A priori, les partenaires européens vont se garder de donner des leçons comme ils l’avaient fait avec la Grèce.
A priori, Bruxelles ne devrait pas entamer immédiatement une procédure de sanction à l’encontre de l’Italie.
Mais la présidence de l’Union européenne ne pourra pas ne pas engager une négociation politique avec l’Italie sur la sincérité de son engagement dans l’euro.
La force des pro-européens, c’est la confiance que les italiens conservent dans la monnaie unique. Tous les sondages le montrent. En dépit des succès des partis extrémistes, populistes de droite ou de gauche, nationalistes et identitaires, les italiens tiennent à l’euro.
Les dirigeants de la Ligue et du mouvement 5 Etoiles savent très bien quelle est la ligne jaune qu’ils ne peuvent pas franchir. Pas question pour eux d’envisager de quitter l’euro. Leurs électeurs ne l’accepteraient pas. Exactement comme en Grèce.
Les membres de l’Union européenne savent très bien les problèmes que l’Italie doit régler, notamment dans la gestion des migrants où ils se retrouvent bien souvent seuls. Il faudra donc les aider.
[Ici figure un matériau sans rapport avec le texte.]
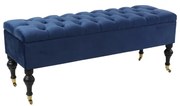 Bancuta Chesterfield albastra catifea 124/40/42 cm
Cela dit, nulle part en Europe, ni à Bruxelles, ni à Paris, ni à Berlin, on n’acceptera très longtemps que le gouvernement italien aille à Washington, à Pékin ou dans les pays du Golfe pour essayer d’ouvrir des lignes de crédit afin de financer les dettes.
Ce que le gouvernement italien a déjà commencé de faire, donnant ainsi des idées aux Polonais et aux Hongrois. La tournée en Europe de Steve Bannon s’inscrit dans la même logique. Séduire les européens pour mieux désintégrer l’Union européenne.
La situation économique est déjà risquée, la situation politique va devenir dangereuse, si l‘Italie n’atterrit pas sur un compromis acceptable à la fois par l’Union européenne et par les antisystèmes du gouvernement.